If there is a value column aggregated by REPLACE in the schema, the Key column is not allowed to be deleted.
If the Key column is deleted, Doris cannot determine the value of the REPLACE column. All non-Key columns of the Unique data model table are REPLACE aggregated.
- When adding a value column whose aggregation type is SUM or REPLACE, the default value of this column has no meaning to historical data.

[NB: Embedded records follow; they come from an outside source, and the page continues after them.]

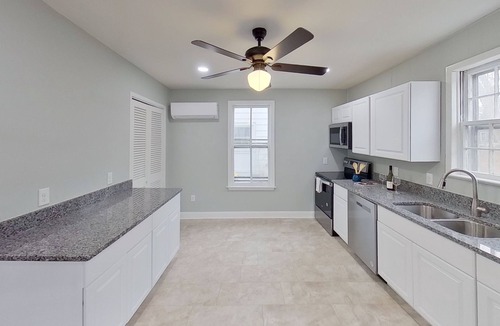 Cambridge House | Beautiful Home in Historic Waterfront District, Walk to Downtown!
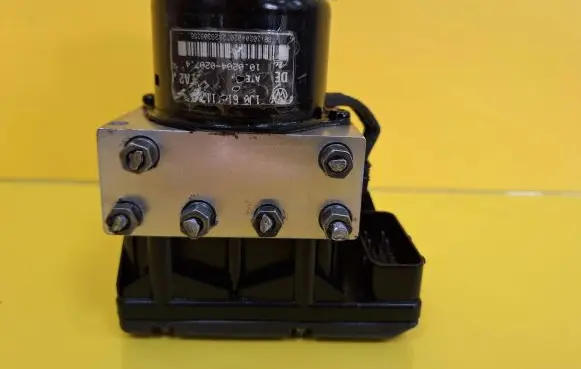 Volkswagen Golf IV ABS Pump 1J0907379P 1J0614117C
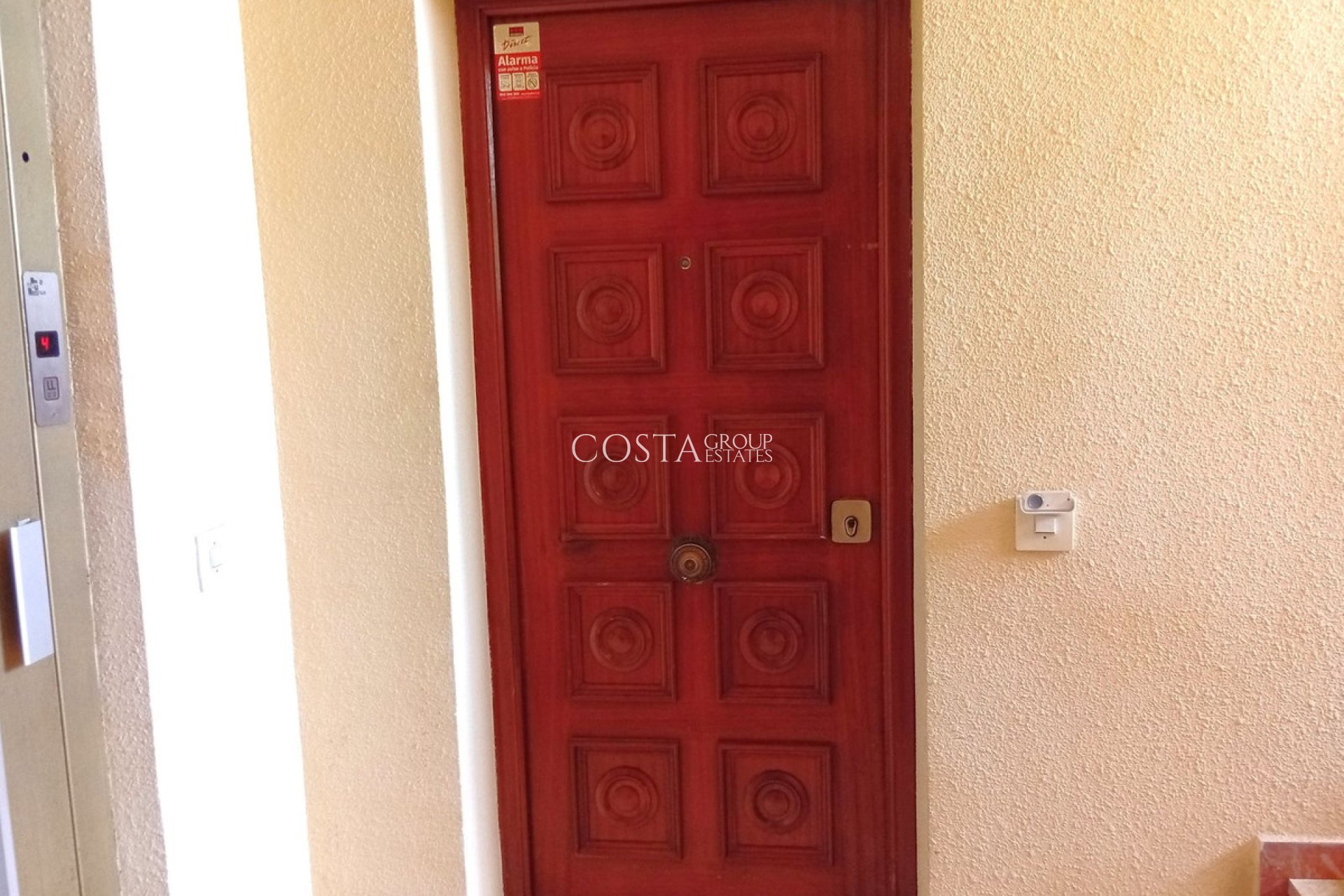 Wiederverkauf - Apartments -
Alicante - Alicante Centro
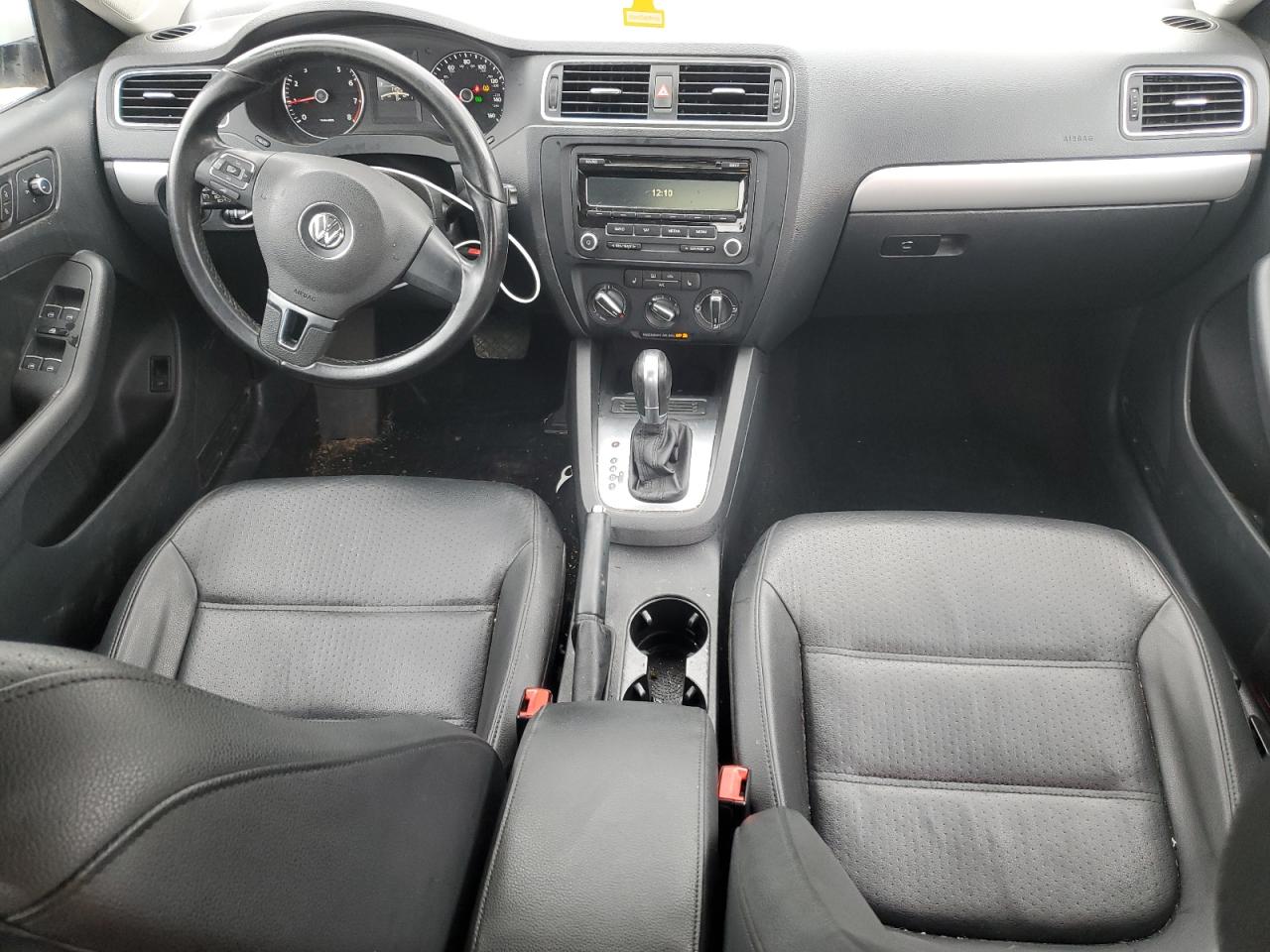2014 Volkswagen Jetta - Image 8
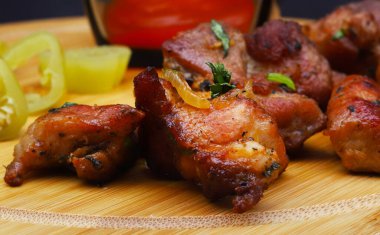 Soğanlı ve otlu kızarmış domuz eti. Yakın plan.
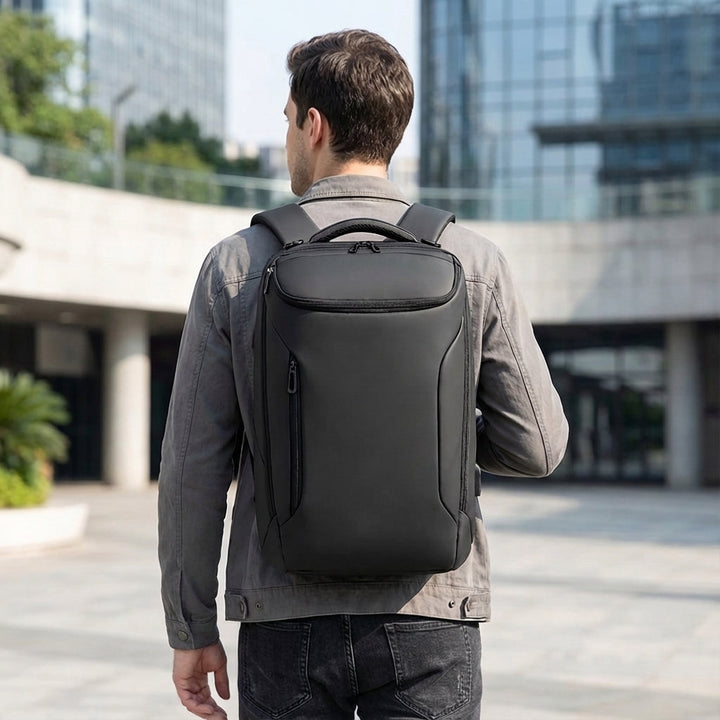 Grote waterdichte CarrySure zakelijke rugzak met laptopvak, ideaal voor werk, reizen en school.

Because the historical data has lost the detailed information, the default value cannot actually reflect the aggregated value.
- When modifying the column type, fields other than Type need to be completed according to the information on the original column.
If you modify the column k1 INT SUM NULL DEFAULT" 1 "
as type BIGINT, you need to execute the following command:
```ALTER TABLE tbl1 MODIFY COLUMN `k1` BIGINT SUM NULL DEFAULT "1"; ```
Note that in addition to the new column types, such as the aggregation mode, Nullable attributes, and default values must be completed according to the original information.
- Modifying column names, aggregation types, nullable attributes, default values, and column comments is not supported.
FAQ
the execution speed of Schema Change
At present, the execution speed of Schema Change is estimated to be about 10MB / s according to the worst efficiency. To be conservative, users can set the timeout for jobs based on this rate.
Submit job error
Table xxx is not stable. ...
Schema Change can only be started when the table data is complete and unbalanced. If some data shard copies of the table are incomplete, or if some copies are undergoing an equalization operation, the submission is rejected. Whether the data shard copy is complete can be checked with the following command:
ADMIN SHOW REPLICA STATUS FROM tbl WHERE STATUS != "OK";
If a result is returned, there is a problem with the copy. These problems are usually fixed automatically by the system. You can also use the following commands to repair this table first:
ADMIN REPAIR TABLE tbl1;
You can check if there are running balancing tasks with the following command:
SHOW PROC "/cluster_balance/pending_tablets";
You can wait for the balancing task to complete, or temporarily disable the balancing operation with the following command:
ADMIN SET FRONTEND CONFIG ("disable_balance" = "true");
Configurations
FE Configurations
alter_table_timeout_second
:The default timeout for the job is 86400 seconds.
BE Configurations
alter_tablet_worker_count
:Number of threads used to perform historical data conversion on the BE side. The default is 3. If you want to speed up the Schema Change job, you can increase this parameter appropriately and restart the BE. But too many conversion threads can cause increased IO pressure and affect other operations. This thread is shared with the Rollup job.